EXERCISE INSTRUCTIONS
Omit the pictures and retype only the lines from the one containing "Quarantine Tower - Chapter 11 Page 50" through the end of the listing, both ends included.

RECORDED INFORMATION
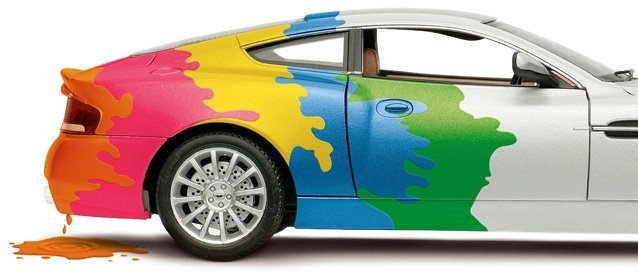 Global Refinish Paint for Automotive Market Insights, Forecast to 2026
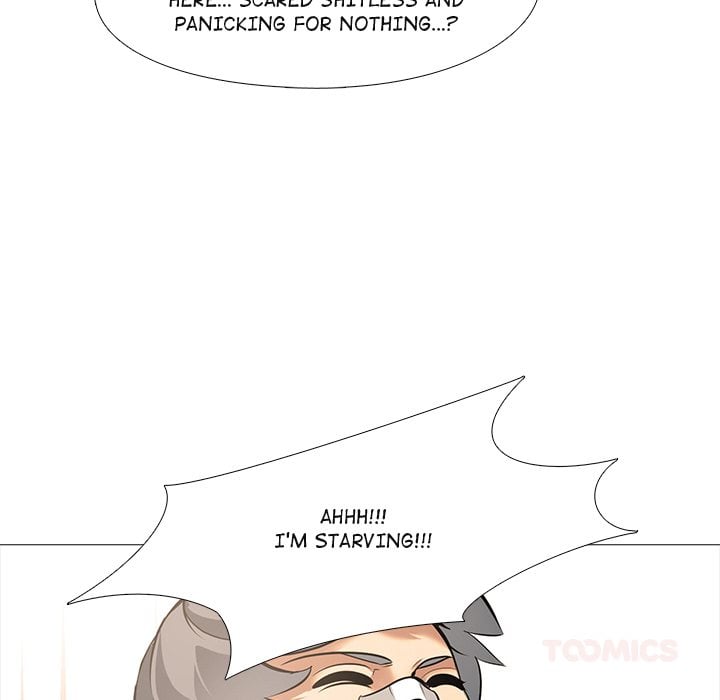 Quarantine Tower - Chapter 11 Page 50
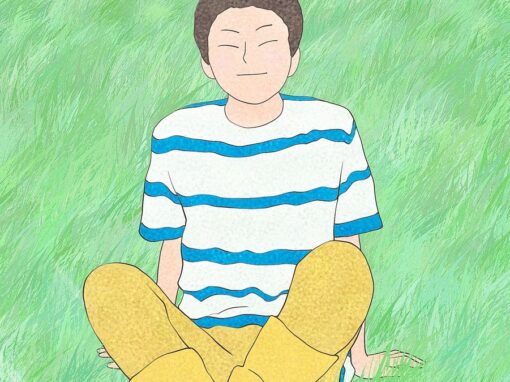 Vie et sourires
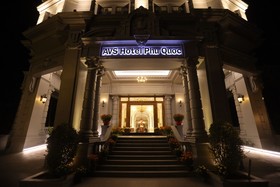 AVS Hotel Phu Quoc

REPLY TO THE EXERCISE
 Quarantine Tower - Chapter 11 Page 50
 Vie et sourires
 AVS Hotel Phu Quoc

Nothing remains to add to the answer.